神主さんはお茶をすすった。お茶はわたしが部屋に入る以前から出されていたものだ。すっかり冷たくなっている。普段の神主さんであれば、そのようなものに口をつけない。のんびりとした口調だが、それなりに動揺しているらしい。
「ジキレイ、ですか?」
わたしの問いかけに神主さんはゆっくりと頷いた。
「霊を食うと書いて、食霊。わたしの祖母は『たまはみ』と言っていましたがね」
たまはみ、はこう書きます、と手元のメモに記す。
鬼喰、とあった。
「魂魄や霊、物の怪を総括して鬼と呼びます。それら鬼を喰うので、鬼喰」
非常にめずらしい力ですねえ、ともう一度神主さんはお茶をすすった。
「彩花さん、お茶をいただけませんか」
ようやくお茶の冷たさに気付いたように神主さんは彩花さんに言う。足音がして、彩花さんの影が障子に映った。凛とした、それでいて優しい声で失礼します、と挨拶し彼女は障子をあけた。
「お父さん、お茶もよろしいですけれど、そろそろお食事になさいませんか。もう七時です」
「おや、もうそんな時間ですか。それじゃあ、ひとまず食事にしましょうか」
神主さんはゆっくりと立ち上がる。いつも感心するのは、何時間正座していようと彼の足はしびれを知らないことだ。

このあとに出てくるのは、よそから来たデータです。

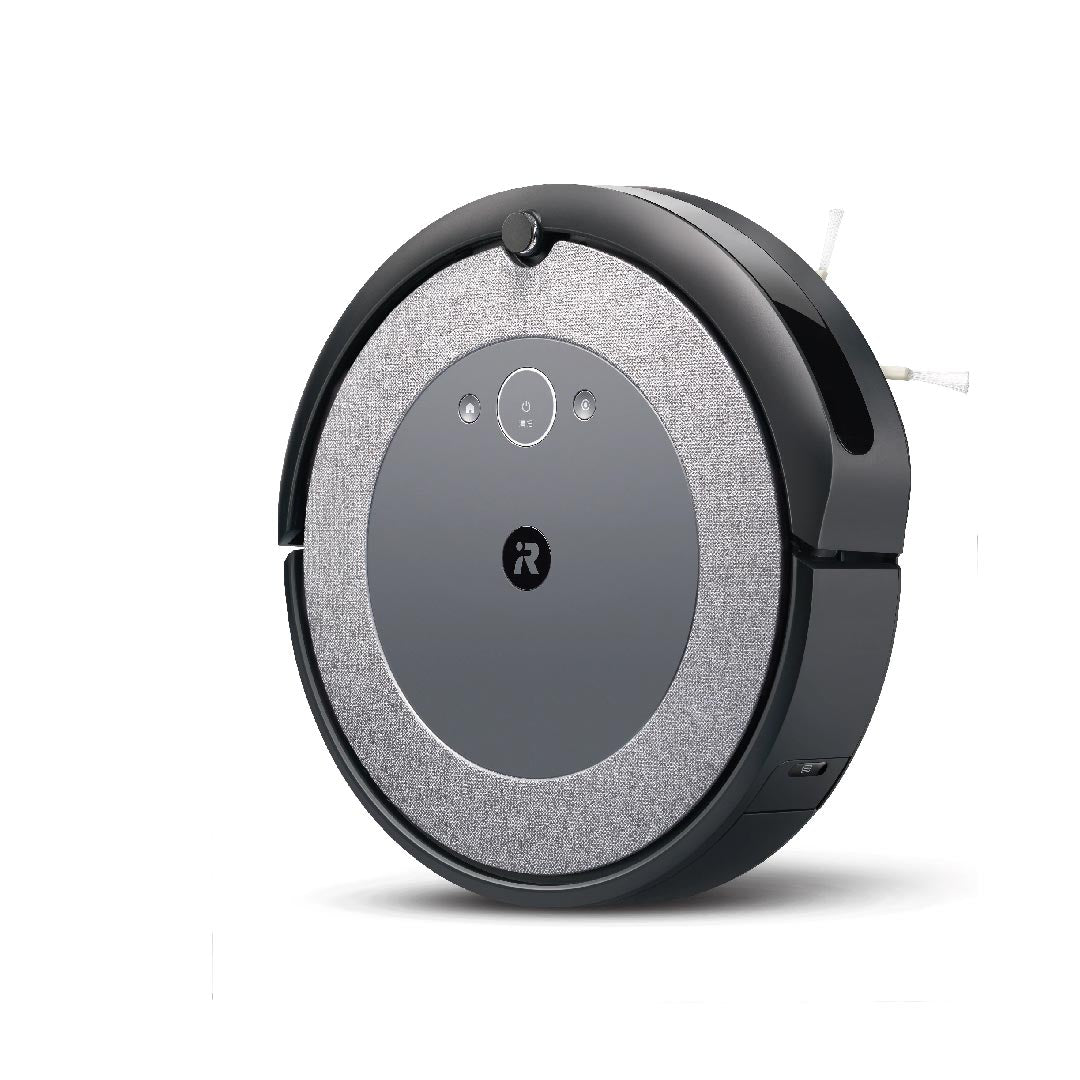 Aspiradora Y Trapeadora Robot 2 En 1 Roomba Combo I5 iRobot4#Gris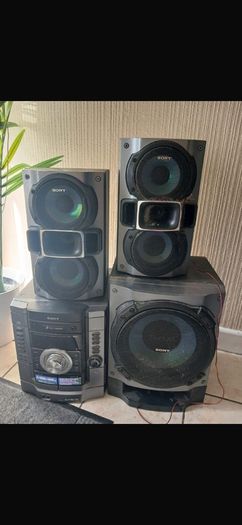 stereo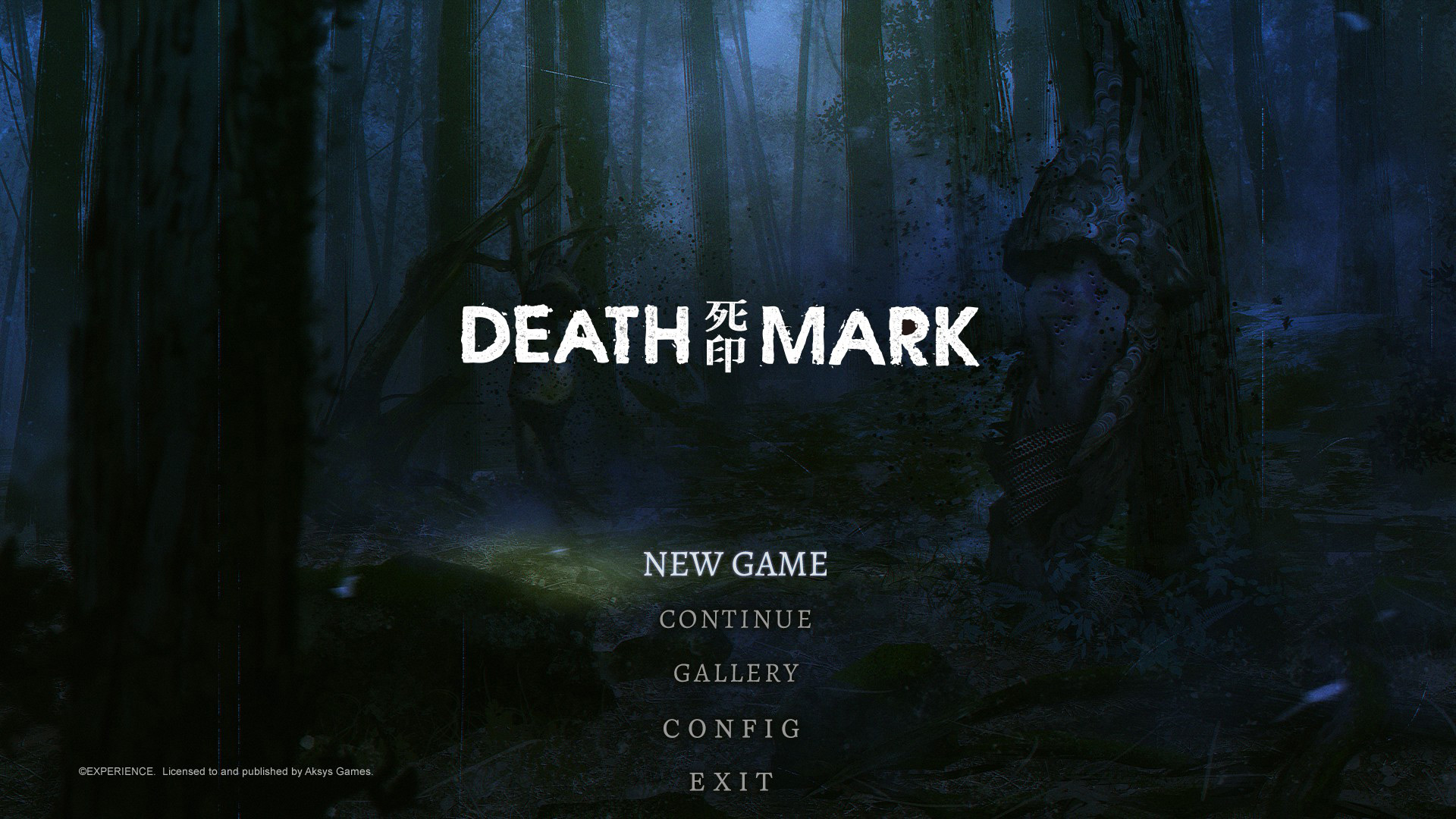 恐怖游戏《死印》登陆Steam 4月4日正式解锁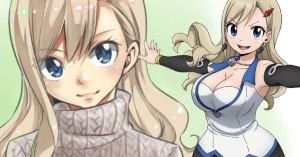 Edens Zero Creator Cozies Up Rebecca With New Sketch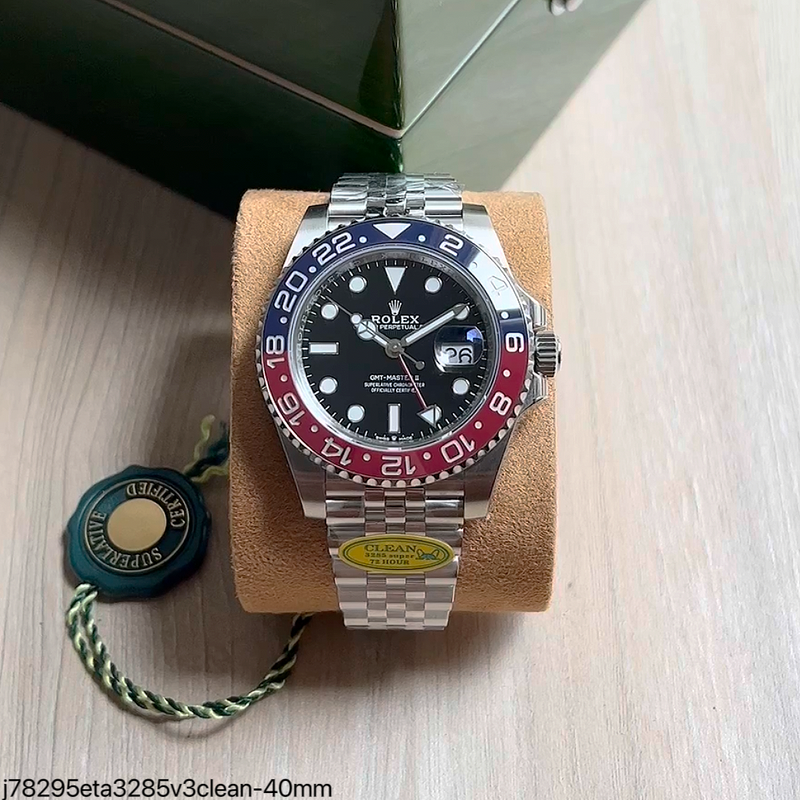 ETA Rolex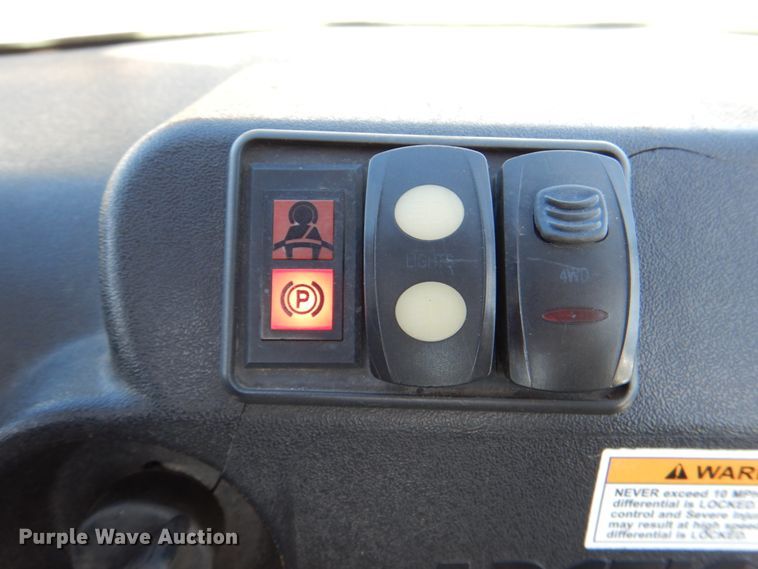 image for item IR9238 2011 Arctic Cat Prowler XTX  utility vehicle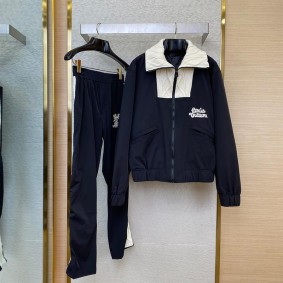 Louis Vuitton Unisex Suit(Size:44|46|48|50, Max Chest:132Cm/52In)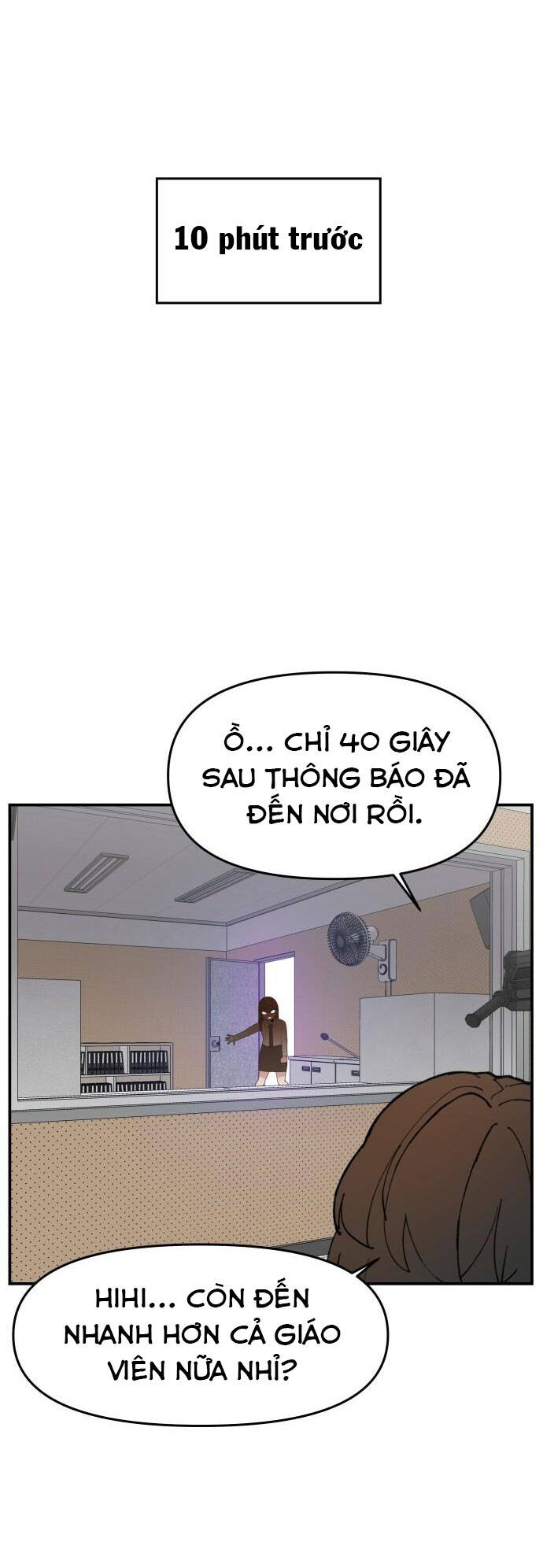 Lớp Học Phản Diện Chap 87 - Next Chap 88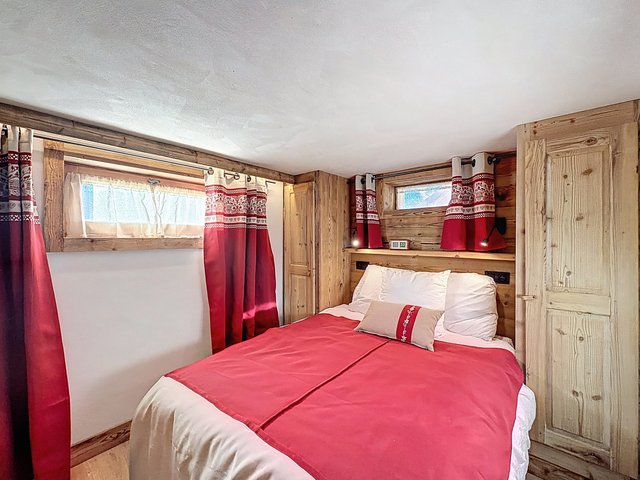 Chalet 7 pièces 12 personnes avec terrasse - Combloux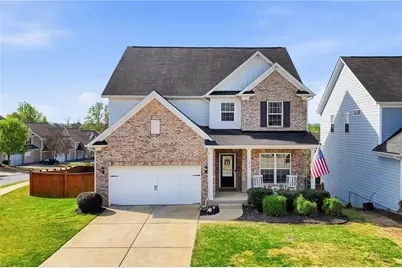 416 Timberleaf Road, Canton, GA 30115 - Photo 2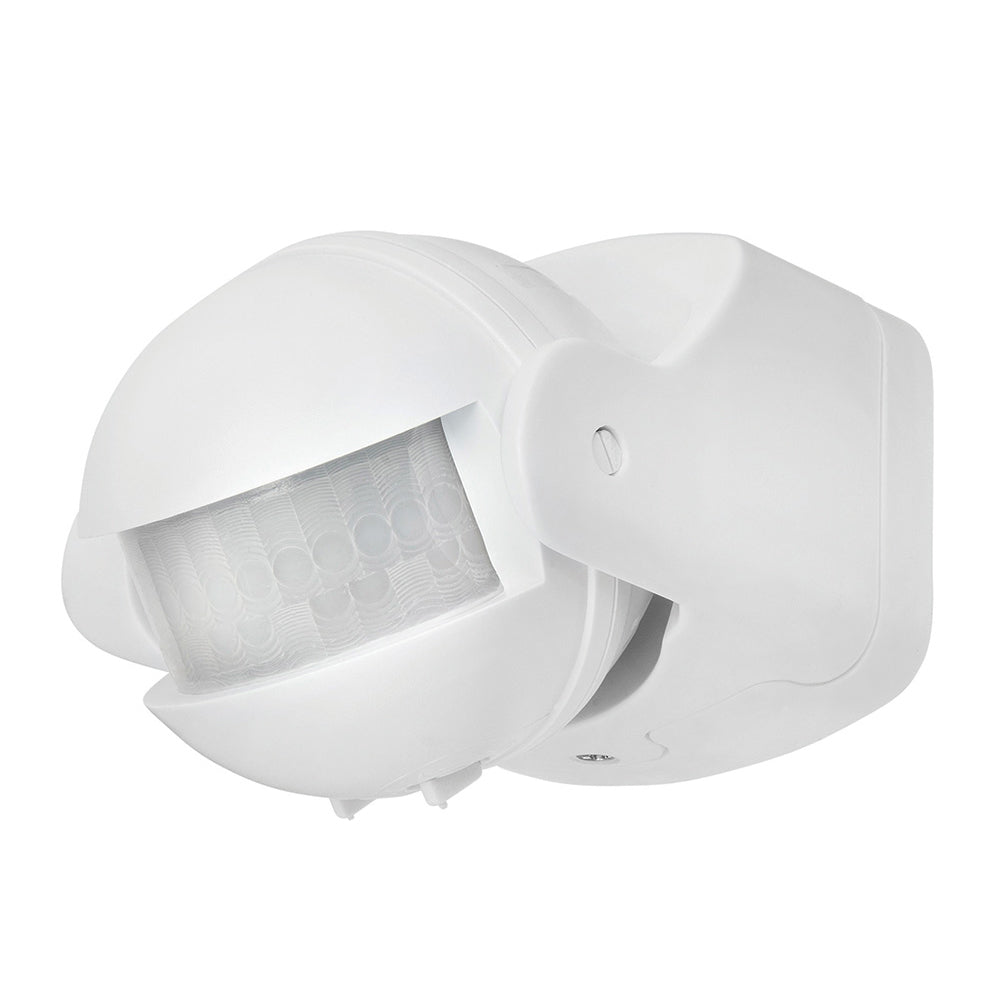 Buy Motion Sensors Australia Uni-Scan 180° Security PIR Sensor White - 18060/05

わたしは二時間が限度で、三時間座っていると立てない。
今なら普通に立ち上がることができると思いつつ、三時間以上正座していた志野くんを何気なく見ると、立ち上がろうとした彼が後ろにころりんと転がるところだった。
「あの、志野くん」
食堂に向かう途中、恐る恐る声をかけると彼はふり返った。
「お世話をかけたようで。ありがとう。運んでくれて」
「別に」
ふい、と彼は顔をそむける。
困惑のまま立ち止まり、彼の背中を見送ったわたしに、彩さんが囁いた。
「和さん、志野さんね、倒れている和さんの傍で、泣きそうな顔でしゃがみこんでいらしたの。私が和さんの知り合いだと知って、本当に安心したご様子でしたわ」
「ふうん。そうですか」
「そうですの」
彩花さんがくすくすと笑った。その声が志野くんに聞こえたのだろう。神主さんに続いて縁を歩いている彼が、わたしたちをちらりと振り返った。わたしは何か言うかと思ったのだが、彼は例によって無関心な素振りで視線を戻した。
倒れたわたしなど救急車を呼ぶなりして放っておいて、神主さんの家を探すこともできただろうにと考えると、誰かが通りかかるまでじっと付添っていたという子供っぽさが、わたしのなかの彼の印象を塗り替えた。
出会いが出会いだっただけに、恐怖心は拭いようがなかったが、少なくとも嫌悪感は克服できそうだった。